Disparate antropológico

Familias Quilombolas

Imaginem a seguinte situação. Em uma cidade qualquer de nosso país, há um terreiro de umbanda, em que a mãe de santo é branca, assim como vários membros desse culto religioso. Seguem certos ritos que os irmana em uma mesma crença, herdada de antepassados negros. Vivem entre outras casas, em harmoniosa relação de vizinhança. Nada nesta descrição é inusitado, considerando o algo grau de interação racial e cultural de nosso país.

Se perguntássemos a qualquer pessoa que congregação é essa, a resposta seria simples. Trata-se de um culto, herdeiro de uma tradição cultural africana, que abriga pessoas das mais distintas procedências raciais, sociais e sexuais. A ninguém ocorreria, porém, dizer que se trata de um “quilombo”. Seria disparatado.

No entanto, é o que está acontecendo no país. Já não se trata de uma descrição da realidade, mas de uma construção fictícia fruto do que certos antropólogos e a Fundação Cultural Palmares, vinculada ao Ministério da Cultura, encarregada da certificação de quilombos, consideram como “ressemantização”.

Segundo essa nova doutrina, de forte conotação ideológica, quilombo, e por extensão quilombola, veio a significar uma comunidade de tipo cultural, mais precisamente dita etnográfica. O que passa a contar é a identidade cultural em questão, relegando, mesmo, a uma posição secundária a identidade propriamente racial.

Quilombo passa a ser uma comunidade cultural que tem práticas que se exerceriam em um determinado território, que deveria, ainda segundo essa doutrina, possuir uma ampla área em que suas práticas culturais poderiam ser reproduzidas. Quilombo passa a ser um terreiro de umbanda, uma escola de candomblé, uma reunião de famílias negras em um território qualquer.
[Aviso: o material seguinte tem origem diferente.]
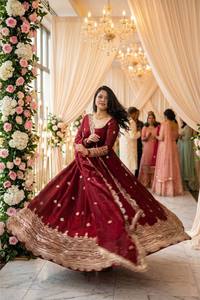Robe Anarkali pour femme, lourdement brodée de sequins, avec dupatta, en soie, style salwar kameez, pour mariage, fête, Diwali - Product Image 3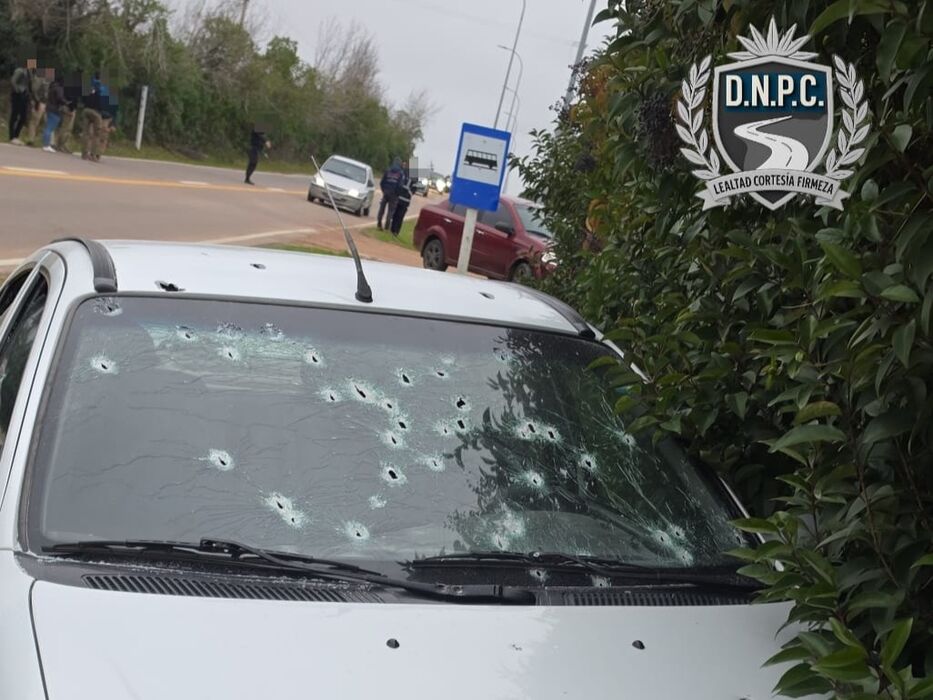 Canelones: tiroteo entre dos autos en ruta 74 terminó en choque y dejó cuatro heridos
Quilombo não é mais um lugarejo distante dos centros urbanos, fortificado, que servia de lugar de vida para escravos fugidios e, inclusive, indígenas. A ficção tomou o lugar da realidade. O que a Constituição de 1988 considerou quilombo cessa de ter validade, segundo uma “interpretação” do texto constitucional que subverte completamente o significado das palavras.
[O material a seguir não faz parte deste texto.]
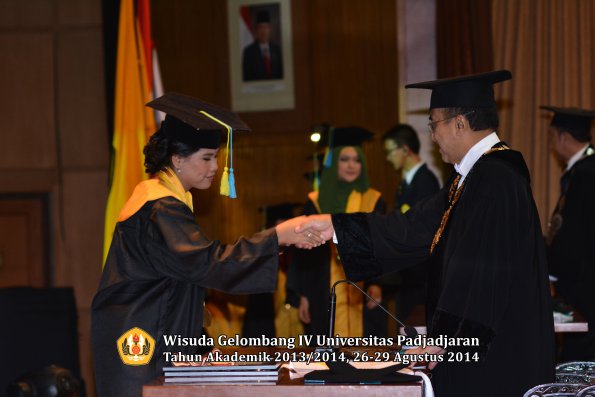 Wisuda Unpad Gel IV TA 2013_2014 Fakultas Farmasi oleh Rektor 044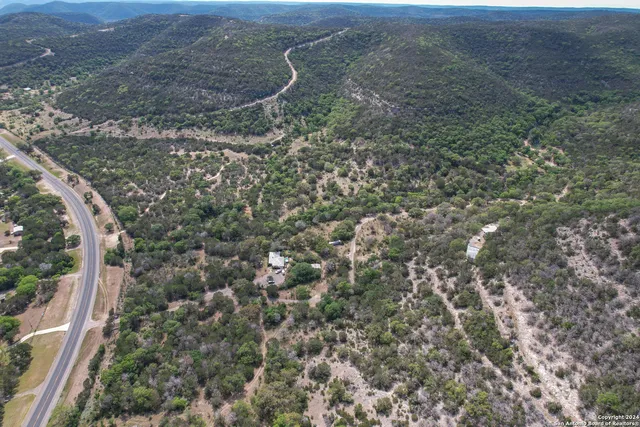 $1,000,000 | 6501 Highway 83, Leakey, TX 78873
Imaginem, agora, tal exemplo ampliado para todo o país, tanto em zona urbana como rural. O que era uma propriedade, o exercício do direito de uma família com títulos de propriedade de décadas, desaparece porque um grupo de pessoas resolve se autointitular quilombola, faz um processo verbal na Fundação Cultural Palmares e um grupo de antropólogos referenda essa demanda. A insegurança jurídica se torna geral.
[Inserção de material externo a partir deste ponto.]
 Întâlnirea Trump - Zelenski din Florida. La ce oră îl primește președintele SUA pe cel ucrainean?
O texto constitucional é subvertido graças à colaboração de antropólogos, promotores e funcionários da Fundação Cultural Palmares que aderiram a uma nova ideologia. Colocaram-se na função de novos constituintes e passaram a ditar uma nova política que torna a letra e o espírito da lei algo que pode ser simplesmente desconsiderado.

Qualquer coisa pode caber nessa palavra: quilombola. Como foi bem dito na coluna de Opinião desse importante jornal, em 12/09: “Caberá à Corte, blindada contra a ação de grupos de pressão e ao largo de interesses ideológicos, analisar o tema e dar-lhe o mais acertado encaminhamento.”

Kátia Abreu é senadora (PSD-GO) e presidente da Confederação Nacional da Agricultura.